Available records:
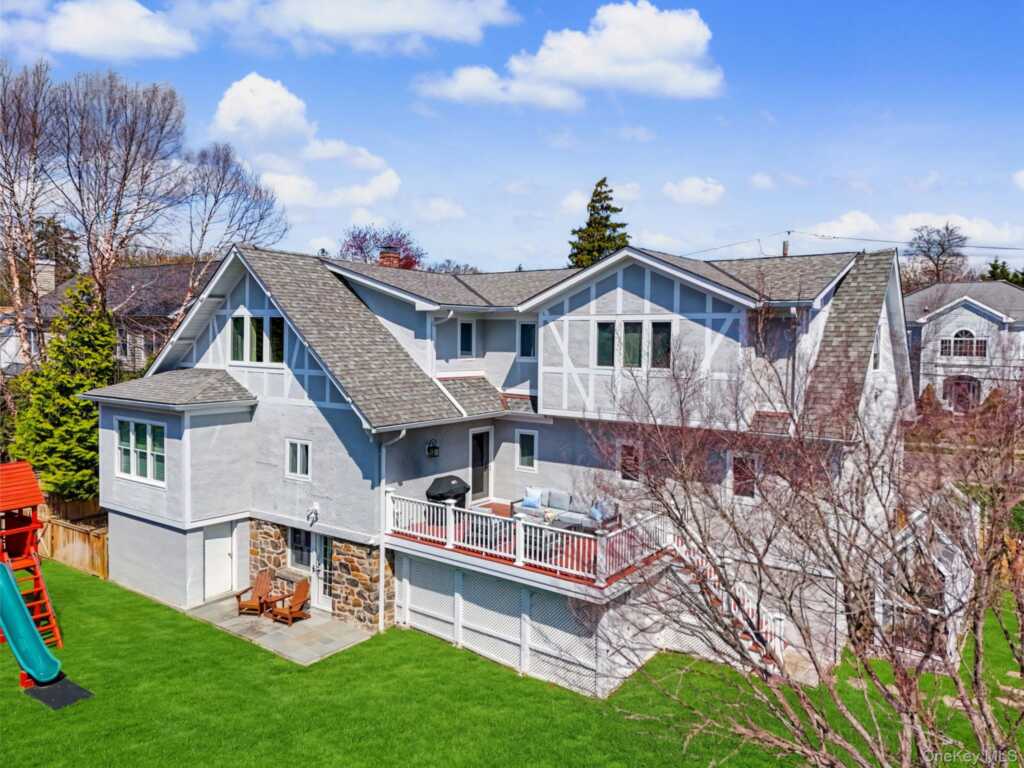 30 Wainwright Street, Rye, NY 10580 - Photo 33 of 37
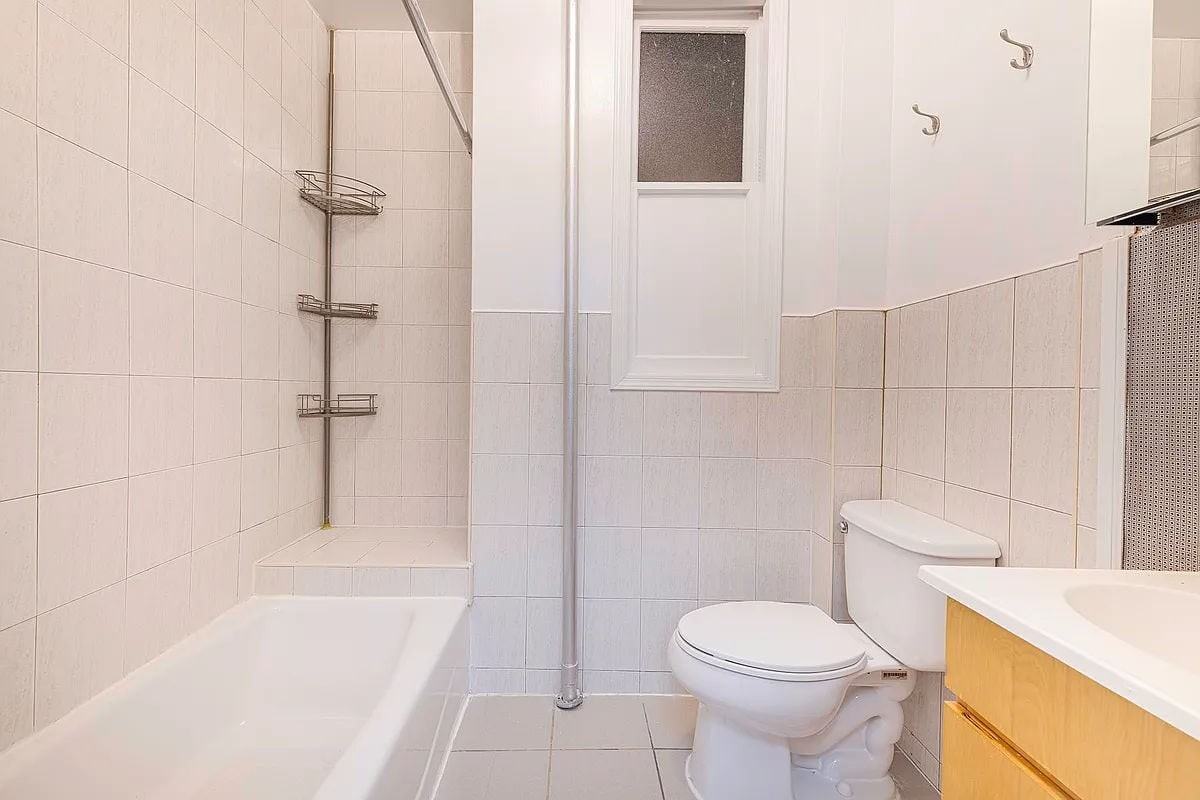 242 Mulberry St #22 - Photo 5 of 7
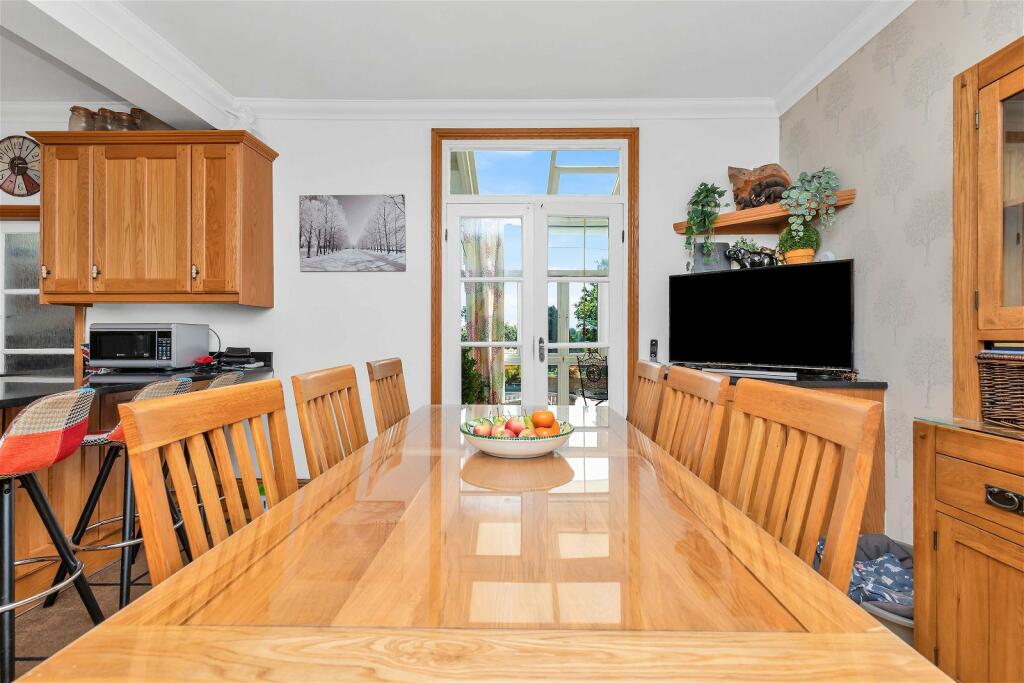 Additional property image - Bromley Common, Bromley, BR2 9PD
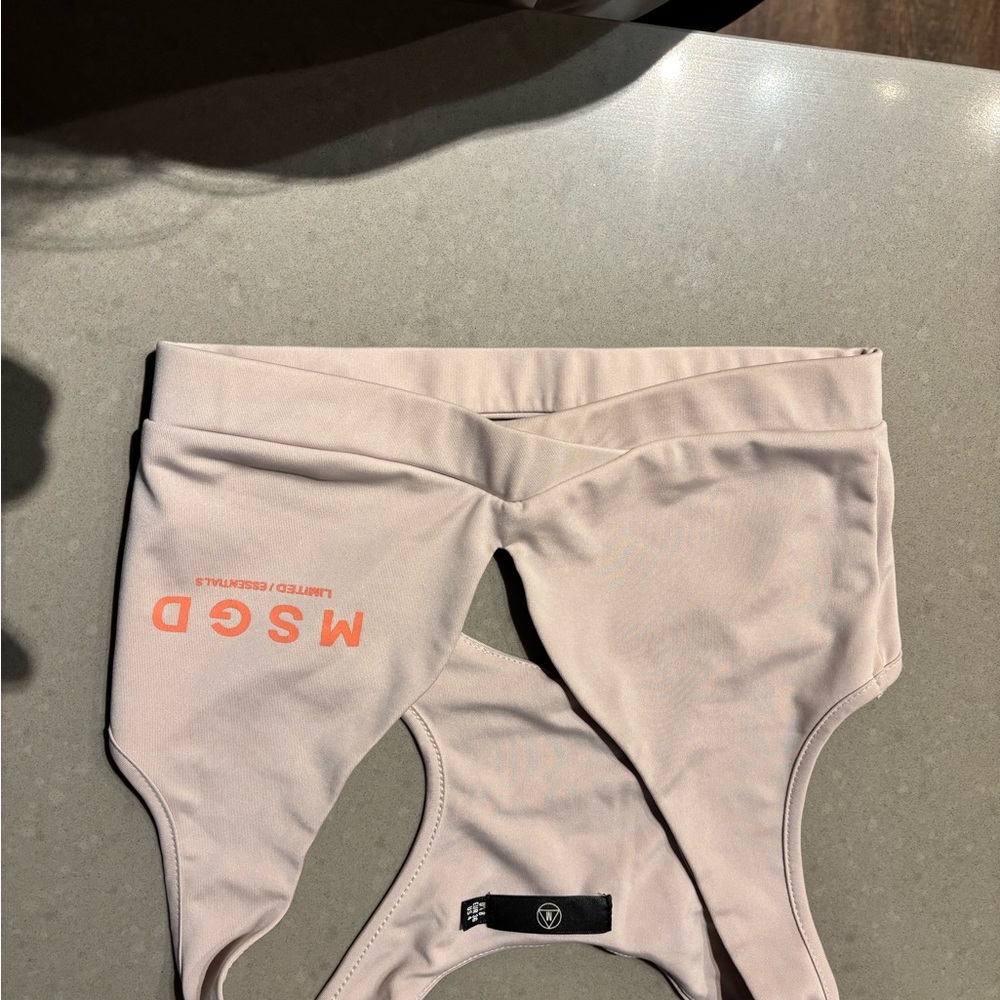 MISSGUIDED sports bra
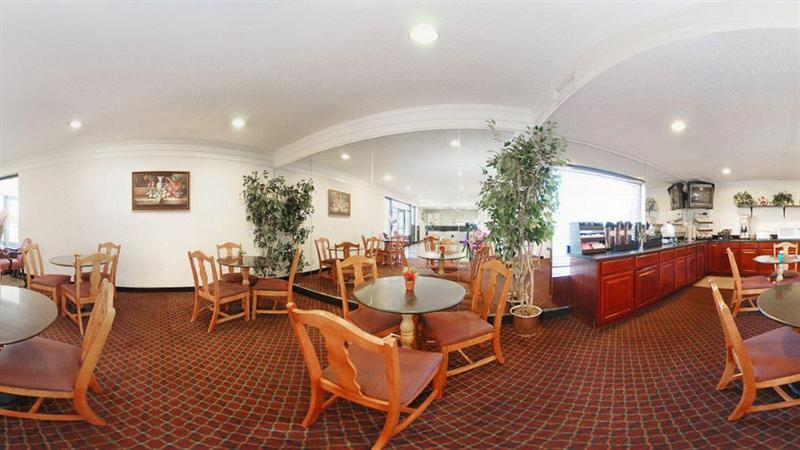 בית מלון כפרי Quality Inn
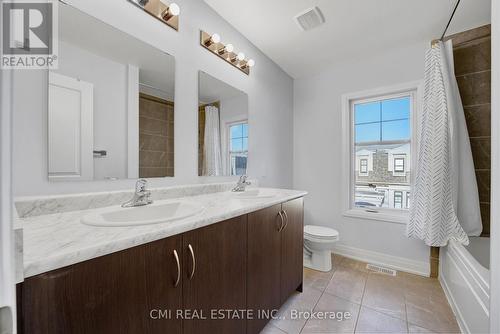 2122 Royal Gala Circle, Mississauga, ON - Indoor Photo Showing Bathroom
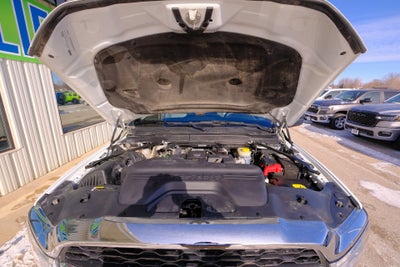 2024 RAM 2500 Tradesman Crew Cab 4x4 8' Box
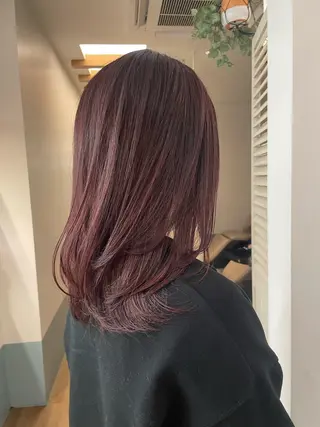 ミディアム カラー リカ/ハイトーン ・オリーブ🍀のヘアスタイル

Exercise objective:
The answer must be the lines above from the line that contains "בית מלון כפרי Quality Inn" to the final line of the data, word for word, with no pictures.

Result:
 בית מלון כפרי Quality Inn
 2122 Royal Gala Circle, Mississauga, ON - Indoor Photo Showing Bathroom
 2024 RAM 2500 Tradesman Crew Cab 4x4 8' Box
 ミディアム カラー リカ/ハイトーン ・オリーブ🍀のヘアスタイル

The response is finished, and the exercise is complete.